Addictions have, Doc says, led to the spiral of petty theft. Addicts steal anything they can lay their hands on to sell on to recyclers, for example. School fences ripped down. Gates stolen. Windows stolen off houses.

“Grandmothers now lock their homes when they sit outside to catch the sun. They are afraid of their grandchildren. They know they will steal pots and pans to go and sell. It’s very bad,” he says.

Everyone in the village knows who the drug peddlers are. Why don’t you report them, I ask. The police never do anything about it.

This is now normal, he says. We drive into the village. It is dry, dusty and the streets are lined with young people. Jobs are few here. Two months ago young people were invited to pay money and then would be given jobs in the SA National Defence Force. Hundreds paid in the “registration” fee. The jobs never materialised. Many people here know the woman who ran the scam. She lives in the new part of the village, I am told. She has never been reported to the police. “Nothing will happen even if you tell the police,” says a young ANC Youth League activist.

There are many good people, and many good things, here in the village where I grew up. I grew up without water, lights or tarred roads under a murderous apartheid regime. Now there is some peace and some progress. These are real, tangible successes. But too many here are unemployed, on social grants and being failed by authorities such as the police. Every so often now roads are barricaded and cars set alight. People are losing their patience with a government they are beginning to compare, unfavourably, with the former Bophuthatswana and National Party governments. It is no longer a happy place.

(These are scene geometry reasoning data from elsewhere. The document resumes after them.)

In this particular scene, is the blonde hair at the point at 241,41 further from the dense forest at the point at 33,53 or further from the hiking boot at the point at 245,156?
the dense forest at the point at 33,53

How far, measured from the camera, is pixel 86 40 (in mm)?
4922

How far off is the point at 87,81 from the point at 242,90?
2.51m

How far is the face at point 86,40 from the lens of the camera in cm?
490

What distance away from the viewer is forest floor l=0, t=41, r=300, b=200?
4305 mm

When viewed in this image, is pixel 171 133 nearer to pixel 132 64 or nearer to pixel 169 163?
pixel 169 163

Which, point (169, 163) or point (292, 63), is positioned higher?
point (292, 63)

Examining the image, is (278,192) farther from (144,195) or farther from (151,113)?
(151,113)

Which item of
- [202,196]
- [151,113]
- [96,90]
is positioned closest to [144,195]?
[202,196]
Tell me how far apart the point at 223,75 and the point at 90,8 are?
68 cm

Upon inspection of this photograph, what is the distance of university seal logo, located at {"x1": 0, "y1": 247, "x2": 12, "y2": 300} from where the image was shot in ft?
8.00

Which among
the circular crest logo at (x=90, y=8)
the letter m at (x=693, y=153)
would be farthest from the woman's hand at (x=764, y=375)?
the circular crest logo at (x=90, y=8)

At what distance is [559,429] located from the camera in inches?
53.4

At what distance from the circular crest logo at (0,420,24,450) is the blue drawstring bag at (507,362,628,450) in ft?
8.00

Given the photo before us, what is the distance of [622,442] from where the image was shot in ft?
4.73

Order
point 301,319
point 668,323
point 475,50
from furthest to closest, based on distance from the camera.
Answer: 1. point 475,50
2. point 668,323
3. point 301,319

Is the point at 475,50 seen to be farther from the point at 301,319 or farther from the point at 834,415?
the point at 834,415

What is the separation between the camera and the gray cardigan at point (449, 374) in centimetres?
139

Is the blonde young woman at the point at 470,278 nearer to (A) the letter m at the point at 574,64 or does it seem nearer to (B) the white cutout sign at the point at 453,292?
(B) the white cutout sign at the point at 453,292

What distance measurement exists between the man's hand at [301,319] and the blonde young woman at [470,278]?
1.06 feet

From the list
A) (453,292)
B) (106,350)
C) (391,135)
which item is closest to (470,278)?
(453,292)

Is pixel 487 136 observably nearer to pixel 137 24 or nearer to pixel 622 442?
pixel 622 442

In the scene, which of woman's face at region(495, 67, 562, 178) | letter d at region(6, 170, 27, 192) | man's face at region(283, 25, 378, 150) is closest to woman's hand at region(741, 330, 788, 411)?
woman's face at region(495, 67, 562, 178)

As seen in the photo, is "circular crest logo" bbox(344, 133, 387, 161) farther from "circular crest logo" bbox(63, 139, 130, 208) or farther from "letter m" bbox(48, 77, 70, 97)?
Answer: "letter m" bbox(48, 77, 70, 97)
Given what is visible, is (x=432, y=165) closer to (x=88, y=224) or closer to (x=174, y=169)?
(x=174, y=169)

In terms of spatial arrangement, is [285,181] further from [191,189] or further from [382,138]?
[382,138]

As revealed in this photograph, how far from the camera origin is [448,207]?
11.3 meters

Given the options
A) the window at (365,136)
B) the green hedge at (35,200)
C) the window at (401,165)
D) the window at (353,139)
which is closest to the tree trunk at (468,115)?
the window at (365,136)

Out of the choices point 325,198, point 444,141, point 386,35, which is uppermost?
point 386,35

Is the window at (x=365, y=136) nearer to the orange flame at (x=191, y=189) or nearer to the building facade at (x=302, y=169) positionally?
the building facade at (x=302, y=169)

Should we go for a drink, I say to Doc and the ANC Youth League youngsters we have hooked up with us along the way. One of them smiles. Where do you want to go?

“There are two places that are all the rage at the moment. The first one is called Pravin Gordhan. When Pravin was fired the owner slashed beer prices, apparently because he said hard times are here. That’s where older guys go. The other tavern is full of young people. The beer there is expensive. The place is called Malusi Gigaba,” he explains.

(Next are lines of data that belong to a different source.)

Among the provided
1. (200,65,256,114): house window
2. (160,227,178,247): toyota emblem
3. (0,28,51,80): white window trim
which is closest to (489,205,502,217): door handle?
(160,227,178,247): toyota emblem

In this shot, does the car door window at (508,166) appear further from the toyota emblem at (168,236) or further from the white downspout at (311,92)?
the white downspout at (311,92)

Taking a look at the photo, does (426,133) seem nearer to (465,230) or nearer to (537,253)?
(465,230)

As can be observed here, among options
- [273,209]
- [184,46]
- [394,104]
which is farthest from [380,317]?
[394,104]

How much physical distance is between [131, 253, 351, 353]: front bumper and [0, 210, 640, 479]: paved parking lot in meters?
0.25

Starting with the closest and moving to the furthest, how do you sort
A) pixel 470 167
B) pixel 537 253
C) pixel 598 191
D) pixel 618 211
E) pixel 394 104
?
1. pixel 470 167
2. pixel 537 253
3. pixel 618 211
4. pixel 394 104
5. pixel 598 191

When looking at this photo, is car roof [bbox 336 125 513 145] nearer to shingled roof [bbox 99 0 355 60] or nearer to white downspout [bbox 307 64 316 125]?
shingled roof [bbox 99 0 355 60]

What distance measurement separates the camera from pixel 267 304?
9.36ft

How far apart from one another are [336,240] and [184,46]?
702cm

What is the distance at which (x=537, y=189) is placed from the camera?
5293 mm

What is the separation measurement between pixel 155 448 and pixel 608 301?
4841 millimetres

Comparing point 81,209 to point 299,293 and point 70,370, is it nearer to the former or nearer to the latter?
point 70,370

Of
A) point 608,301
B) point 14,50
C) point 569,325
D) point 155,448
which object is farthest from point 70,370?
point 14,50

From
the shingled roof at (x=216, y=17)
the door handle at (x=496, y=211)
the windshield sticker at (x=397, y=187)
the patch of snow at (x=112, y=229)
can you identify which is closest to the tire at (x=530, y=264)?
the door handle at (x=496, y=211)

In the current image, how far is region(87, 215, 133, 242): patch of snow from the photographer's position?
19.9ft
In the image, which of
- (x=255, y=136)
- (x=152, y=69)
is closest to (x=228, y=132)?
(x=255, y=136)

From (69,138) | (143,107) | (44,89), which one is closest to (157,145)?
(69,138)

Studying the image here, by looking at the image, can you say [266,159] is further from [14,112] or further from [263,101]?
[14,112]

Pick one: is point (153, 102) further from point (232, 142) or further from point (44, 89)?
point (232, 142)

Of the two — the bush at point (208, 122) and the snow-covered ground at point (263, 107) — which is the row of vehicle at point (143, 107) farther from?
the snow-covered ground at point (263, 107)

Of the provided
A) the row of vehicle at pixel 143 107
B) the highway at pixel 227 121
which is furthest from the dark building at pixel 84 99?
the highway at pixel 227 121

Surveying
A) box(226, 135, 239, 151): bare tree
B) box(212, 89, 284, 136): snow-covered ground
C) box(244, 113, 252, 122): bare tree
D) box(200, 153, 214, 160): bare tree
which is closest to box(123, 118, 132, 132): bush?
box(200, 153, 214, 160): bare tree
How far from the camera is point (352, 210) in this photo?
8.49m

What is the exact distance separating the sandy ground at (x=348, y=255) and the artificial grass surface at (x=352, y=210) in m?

I have always been amazed by people’s ability to capture the mood of the nation perfectly in songs, in place names, in description. About two weeks ago, speaking on the sidelines of the ANC policy conference, Finance Minister Malusi Gigaba hinted that the country may need outside financial assistance to get out of its current economic problems. This could mean going to multilateral institutions such as the IMF.

South Africa is in trouble. The money that was accumulated through the commodities boom and the judicious economic management of Thabo Mbeki and Trevor Manuel has run out. Jobs are evaporating. Crime goes unpunished – the criminal minister of mineral resources, Mosebenzi Zwane, remains in office and in charge of one of the key ministries of our state.

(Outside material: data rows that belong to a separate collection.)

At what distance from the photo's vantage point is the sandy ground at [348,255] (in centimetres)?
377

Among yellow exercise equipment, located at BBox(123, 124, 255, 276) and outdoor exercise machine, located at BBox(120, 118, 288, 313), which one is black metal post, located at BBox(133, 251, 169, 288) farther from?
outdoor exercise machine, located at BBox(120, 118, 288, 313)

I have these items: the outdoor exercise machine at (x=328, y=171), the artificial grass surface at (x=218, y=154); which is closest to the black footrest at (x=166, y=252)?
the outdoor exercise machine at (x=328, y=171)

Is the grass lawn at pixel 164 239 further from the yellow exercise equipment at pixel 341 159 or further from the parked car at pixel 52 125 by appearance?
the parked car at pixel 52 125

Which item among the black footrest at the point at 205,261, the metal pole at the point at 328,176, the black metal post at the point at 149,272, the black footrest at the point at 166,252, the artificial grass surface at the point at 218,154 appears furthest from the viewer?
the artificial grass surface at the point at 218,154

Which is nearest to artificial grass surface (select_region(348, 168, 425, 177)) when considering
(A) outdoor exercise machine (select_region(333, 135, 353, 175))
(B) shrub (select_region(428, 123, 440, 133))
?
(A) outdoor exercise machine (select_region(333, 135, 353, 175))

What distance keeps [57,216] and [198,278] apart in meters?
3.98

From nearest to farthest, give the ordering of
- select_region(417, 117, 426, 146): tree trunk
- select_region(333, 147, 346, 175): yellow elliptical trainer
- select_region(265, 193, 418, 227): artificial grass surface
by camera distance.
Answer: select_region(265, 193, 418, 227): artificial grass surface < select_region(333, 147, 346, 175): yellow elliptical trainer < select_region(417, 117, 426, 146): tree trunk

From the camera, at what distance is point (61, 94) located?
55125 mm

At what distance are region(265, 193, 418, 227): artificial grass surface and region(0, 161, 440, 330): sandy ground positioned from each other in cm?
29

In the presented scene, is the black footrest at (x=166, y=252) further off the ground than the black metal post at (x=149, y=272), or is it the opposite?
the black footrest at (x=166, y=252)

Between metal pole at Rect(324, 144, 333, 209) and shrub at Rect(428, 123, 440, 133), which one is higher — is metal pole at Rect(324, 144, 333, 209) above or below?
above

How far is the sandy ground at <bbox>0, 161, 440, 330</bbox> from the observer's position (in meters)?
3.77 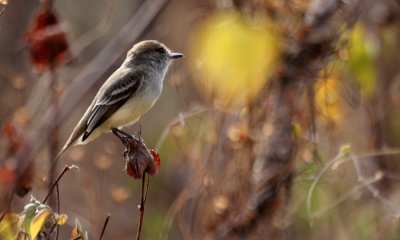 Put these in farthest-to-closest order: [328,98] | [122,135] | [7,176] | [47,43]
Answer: [328,98], [47,43], [122,135], [7,176]

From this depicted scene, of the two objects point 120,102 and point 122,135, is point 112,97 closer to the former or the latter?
point 120,102

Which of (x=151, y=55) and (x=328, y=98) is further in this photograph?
(x=151, y=55)

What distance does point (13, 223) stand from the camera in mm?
3719

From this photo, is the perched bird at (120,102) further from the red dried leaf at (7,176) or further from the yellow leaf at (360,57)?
the yellow leaf at (360,57)

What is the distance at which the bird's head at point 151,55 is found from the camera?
20.3 feet

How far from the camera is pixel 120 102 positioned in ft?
18.5

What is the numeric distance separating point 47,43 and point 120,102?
0.56 meters

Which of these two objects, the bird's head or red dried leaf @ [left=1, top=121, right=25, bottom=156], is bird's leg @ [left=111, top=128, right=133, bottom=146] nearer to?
red dried leaf @ [left=1, top=121, right=25, bottom=156]

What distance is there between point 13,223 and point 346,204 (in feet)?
14.1

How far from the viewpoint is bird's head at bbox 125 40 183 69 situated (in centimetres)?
619

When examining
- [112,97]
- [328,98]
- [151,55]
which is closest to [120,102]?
[112,97]

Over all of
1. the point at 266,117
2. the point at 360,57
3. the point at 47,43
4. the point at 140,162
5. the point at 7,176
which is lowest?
the point at 266,117

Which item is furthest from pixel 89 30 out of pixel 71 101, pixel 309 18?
pixel 71 101

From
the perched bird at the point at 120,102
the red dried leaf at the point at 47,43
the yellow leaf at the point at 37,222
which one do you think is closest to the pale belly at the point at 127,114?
the perched bird at the point at 120,102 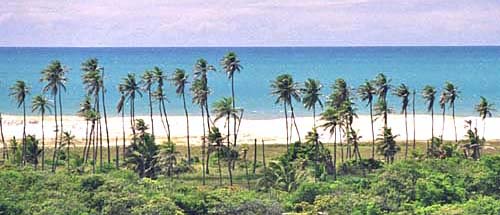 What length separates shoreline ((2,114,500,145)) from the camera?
12356 centimetres

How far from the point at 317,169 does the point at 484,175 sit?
19.6 meters

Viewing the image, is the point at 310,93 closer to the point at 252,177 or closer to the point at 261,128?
the point at 252,177

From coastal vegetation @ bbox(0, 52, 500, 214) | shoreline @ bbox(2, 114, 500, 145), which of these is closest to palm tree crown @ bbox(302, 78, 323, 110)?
coastal vegetation @ bbox(0, 52, 500, 214)

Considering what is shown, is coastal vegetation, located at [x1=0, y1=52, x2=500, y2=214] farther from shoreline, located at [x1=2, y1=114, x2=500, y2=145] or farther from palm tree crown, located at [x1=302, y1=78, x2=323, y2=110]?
shoreline, located at [x1=2, y1=114, x2=500, y2=145]

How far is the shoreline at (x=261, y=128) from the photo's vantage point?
124 metres

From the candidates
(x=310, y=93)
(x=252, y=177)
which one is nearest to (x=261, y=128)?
(x=252, y=177)

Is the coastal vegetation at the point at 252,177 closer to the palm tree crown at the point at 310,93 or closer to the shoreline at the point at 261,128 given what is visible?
the palm tree crown at the point at 310,93

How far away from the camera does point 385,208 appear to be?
211 feet

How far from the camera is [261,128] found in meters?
134

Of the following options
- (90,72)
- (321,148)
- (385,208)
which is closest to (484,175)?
(385,208)

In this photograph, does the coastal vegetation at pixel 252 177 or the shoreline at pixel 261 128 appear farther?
the shoreline at pixel 261 128

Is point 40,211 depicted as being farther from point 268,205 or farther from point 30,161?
point 30,161

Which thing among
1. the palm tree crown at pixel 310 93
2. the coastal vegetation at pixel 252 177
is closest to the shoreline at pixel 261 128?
the coastal vegetation at pixel 252 177

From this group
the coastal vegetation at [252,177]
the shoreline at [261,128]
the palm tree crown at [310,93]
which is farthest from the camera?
the shoreline at [261,128]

His boss has sold the nation to a criminal enterprise run by the Gupta family. Those who speak up, such as ANC MP Makhosi Khoza, are threatened with death while the police do nothing except to protect cronies such as the useless Minister Bathabile Dlamini. We are in deep, deep trouble.

Not all is lost. The people are not fools. In places like Hammanskraal and elsewhere people are asking questions. For the looters, like President Zuma and his coterie of thieves, time is running out. The people cannot take this dysfunctional state any longer. They can’t take the warning signs of poverty and inequality any longer. Their disappointment and anger is palpable. Believe me, if Zuma stays in power after December this anger will boil over. It will explode.